Des milliers de Thaïlandais vêtus de jaune - couleur du roi -, certains pleurant, sont descendus dans les rues de Hua Hin pour s'agenouiller devant le cortège royal à l'occasion de cette cérémonie officielle dans la station balnéaire au sud de Bangkok où le souverain réside depuis l'été.

Mais dans la capitale, le calme restait précaire, les manifestants qui veulent remplacer le gouvernement par un «conseil du peuple» non élu ayant promis de reprendre le combat dès vendredi.

«Nous allons continuer», a répété jeudi l'un de leurs meneurs, Satit Wongnongtauy, promettant la «victoire» dans quelques jours. Une victoire qu'ils avaient déjà annoncée pour dimanche dernier.

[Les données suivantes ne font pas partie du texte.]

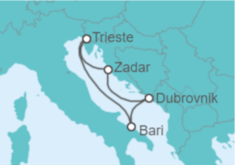 Itinerario del Crucero Italia y Croacia - MSC Cruceros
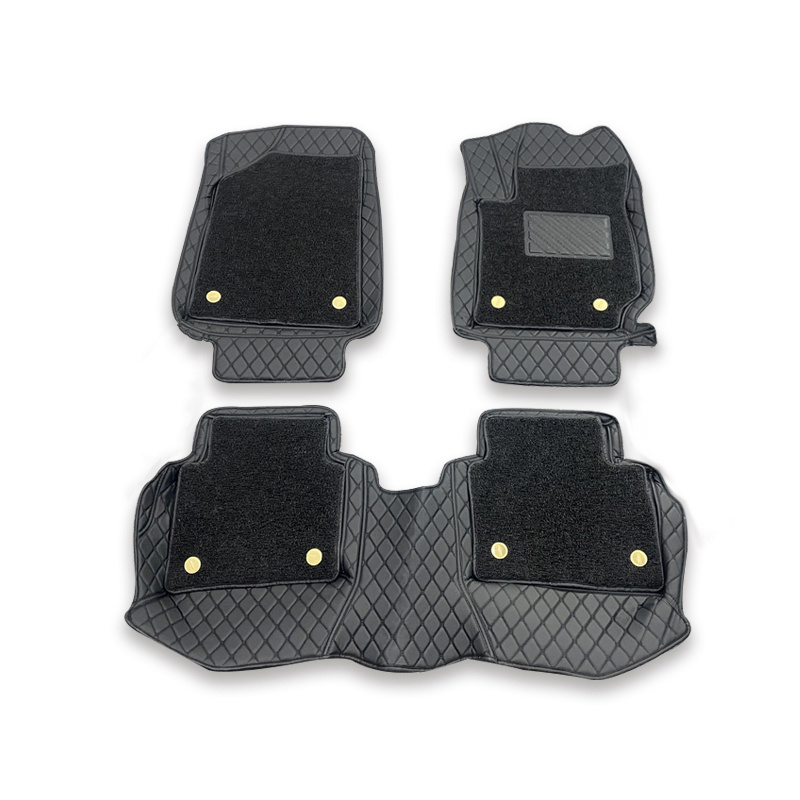 Accept Customized Universal Leather 3D 5D Car Trunk Mats for Hyundai Elantra 2021-2022  Accessories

Ces derniers jours, des affrontements violents ont eu lieu entre la police et les manifestants opposés à Yingluck et à son frère Thaksin, ancien premier ministre renversé par un coup d'État en 2006 et qui reste au coeur de la politique du royaume malgré son exil.

Les autorités ont finalement changé de tactique mardi, laissant ces militants entrer brièvement aux sièges du gouvernement et de la police, sans résistance.

«Demain nous manifesterons»

Après un pic à quelque 180 000, le nombre de manifestants a largement diminué, et jeudi, les quelques milliers toujours rassemblés au Monument de la démocratie, lieu symbole de la mobilisation où ils campent depuis un mois, se préparaient à reprendre la lutte.

«Demain (vendredi), nous manifesterons. Nous reviendrons jusqu'à ce que nous obtenions la victoire pour le peuple thaïlandais», a promis Khieu, en regardant la cérémonie d'anniversaire sur écran géant.

La colère des manifestants, alliance de bourgeois conservateurs proches de l'opposition et de groupuscules ultra-royalistes, a été provoquée par un projet de loi d'amnistie qui, selon ses détracteurs, aurait permis le retour de Thaksin, en exil pour échapper à la prison pour malversations financières.

Malgré son rejet par le Sénat, les manifestants, qui accusent Yingluck d'être la marionnette de son frère, n'ont pas désarmé.

Le milliardaire divise le pays entre masses rurales et urbaines défavorisées du Nord et du Nord-Est, qui l'adorent, et les élites de Bangkok qui le haïssent et le voient comme une menace pour la monarchie.

Le roi Bhumibol, plus ancien monarque en exercice dans le monde avec plus de soixante années de règne, est considéré comme une force morale bienveillante dans un pays marqué par une histoire d'instabilité politique.

Par le passé, il était intervenu de façon spectaculaire au milieu de crises politiques. Mais admis en 2009 à l'hôpital qu'il a quitté en août pour rejoindre son palais de Hua Hin, le roi n'a fait que de rares apparitions publiques ces dernières années.

En 2010, il était resté largement silencieux lorsque quelque 100 000 «chemises rouges» fidèles à Thaksin avaient occupé le centre de Bangkok pour réclamer la démission du gouvernement, avant un assaut de l'armée. La crise, la plus grave qu'ait connue la Thaïlande moderne, avait fait quelque 90 morts et 1900 blessés.

Alors que les «rouges» ont mis un terme à leurs manifestations en soutien à Yingluck après des violences samedi entre manifestants pro et anti gouvernement qui avaient fait plusieurs morts dans des circonstances troubles, leur chef Thida Thavornset a annoncé un nouveau grand rassemblement mardi à Ayutthaya, à une heure de la capitale.